Depuis 2013, trois albums ont déjà vu le jour. En 2017, Le changement c’est doucement puis en 2019, Globalement d’accord enfin Le temps béni de la pandémie en 2020.
Si j’étais un homme (Diane Tell) devient Je ne suis pas un surhomme ; Bidon (Alain Souchon) J’suis Fillon ; Femme libérée (Cookie Dingler) Ne la fais pas bosser, Allumer le feu (Johnny Hallyday) Allumer le pneu, Vesoul (Jacques Brel) T’as voulu voir l’salon… En changeant les paroles, ils pastichent et caricaturent l’actualité, la société, ses travers, ses modes, ses hommes politiques de droite comme de gauche. Tout ce qui fait parler passe à la moulinette. Il y a eu bien sûr la pandémie mais aussi des questionnements sociétaux sur le mouvement vegan, les bobos, sur le burkini, le voile, les banques (et les comptes cachés), les affaires Benalla ou Balkany. L’ambition des Goguettes est d' »être dans l’humour, l’ironie, le second degré ou la caricature » (20 minutes, mars 2020).
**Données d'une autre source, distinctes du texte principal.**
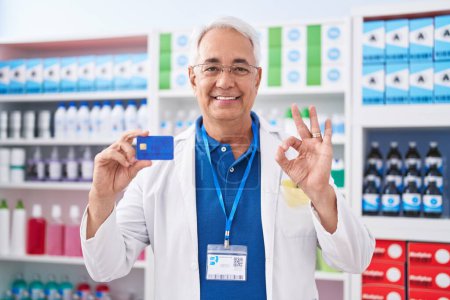 Téléchargez les photos : Homme d'âge moyen avec les cheveux gris travaillant à la pharmacie drugstore tenant carte de crédit faisant signe ok avec les doigts, sourire geste amical excellent symbole - en image libre de droit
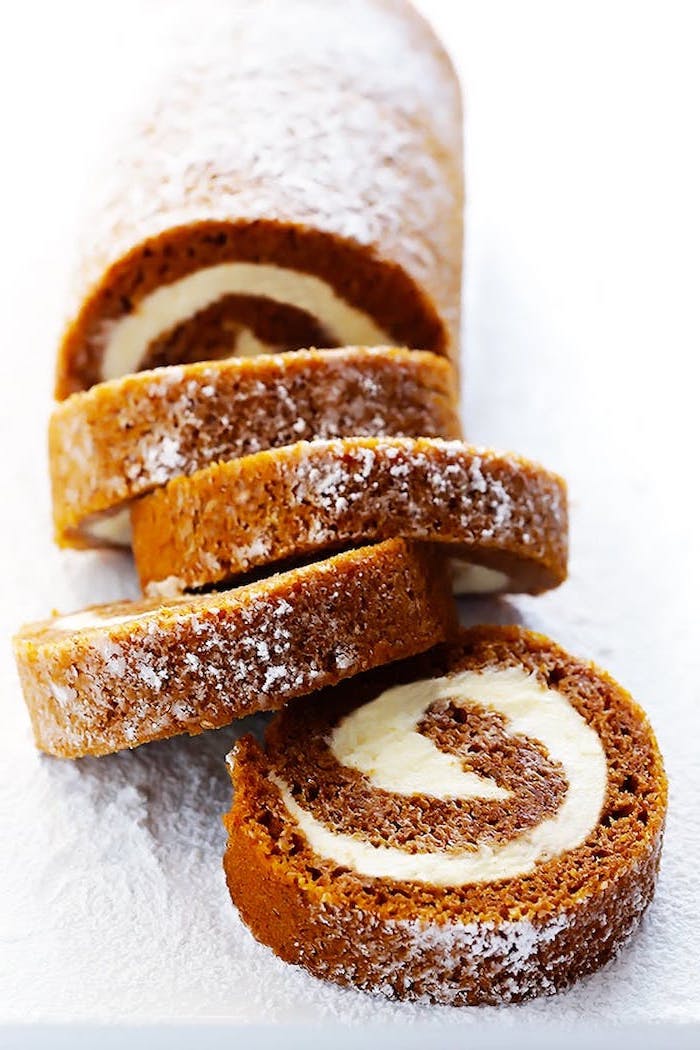 pumpkin pie roll, white frosting inside, thanksgiving desserts for kids, powdered sugar on top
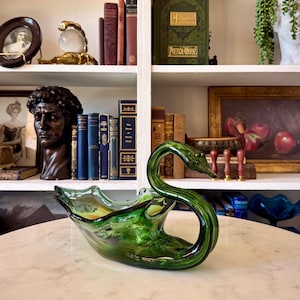 May include: A green glass swan-shaped bowl with a long, curved neck and a flared base. The bowl is a vibrant shade of green with hints of yellow and sits on a white marble surface. The swan's head is detailed, and the bowl is likely decorative.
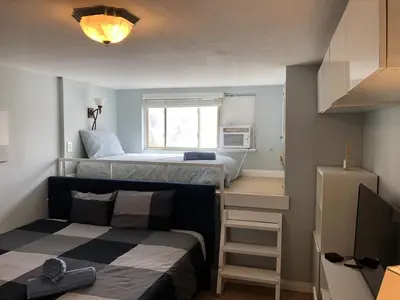 a small room with two beds and a television at Ocean Front Beauty right on Best Beach in Mission Beach, San Diego! in San Diego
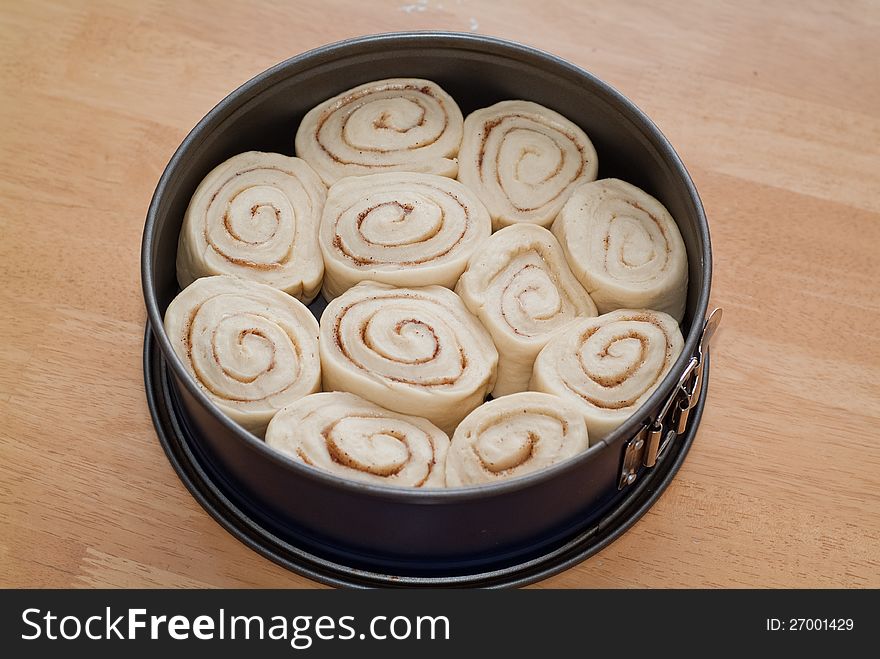 A sweet cinnamon roll cake in a baking form rising and waiting for the baking. A sweet cinnamon roll cake in a baking form rising and waiting for the baking.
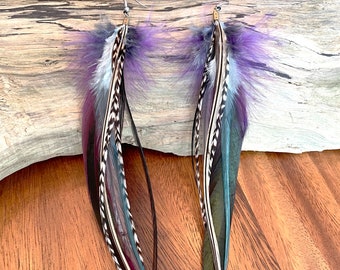 May include: A pair of long feather earrings with purple, black, white, and teal feathers. The earrings are hanging from a wooden surface.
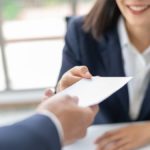 woman handing employee their final paycheck to comply with pto payout laws by state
Troisième quinquennat : chronique d’une actualité foisonnante
La bande est de retour dans les bacs et avec un nouveau spectacle. Troisième quinquennat annonce vite la couleur. Dès le premier titre, leur satire toujours aussi affûtée croque tout. Sur l’air de La fête de Michel Fugain, on raille dans le désordre les punaises de lit, Poutine et Joe Biden au pouvoir, le glyphosate, la folle jeunesse des sénateurs, le chômage, les innondations, l’Ukraine, le Moyen Orient en feu… Passent ensuite au crible Cyril Hanouna (La tribu de Dana de Manau), l’arrivée de Rachida Dati au ministère de la Culture (Oh Gaby d’Alain Bashung), l’ascension de Marine Le Pen (Java des bombes atomiques de Boris Vian), la solitude politique de Manuel Valls (Laissons entrer le soleil de Julien Clerc – Hair), la crise climatique et les sceptiques (Qui c’est celui là de Pierre Vassiliu).
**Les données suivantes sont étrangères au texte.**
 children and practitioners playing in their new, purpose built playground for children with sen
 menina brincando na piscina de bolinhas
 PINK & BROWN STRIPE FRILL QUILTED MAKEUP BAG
C’est drôle et ça fuse dans tous les sens ! Les textes sont tranchants, perspicaces, espiègles et malicieux. Bref, les Goguettes ne dérogent pas à leur réputation. Pour celles et ceux qui s’intéressent de près (ou même de très loin) à l’actualité, les Goguettes photographient, par leur verbe inventif, le monde qui nous entoure. Leur dernier opus offre une source de réflexion et de divertissement. Seule nécessité préalable : avoir un peu de dérision.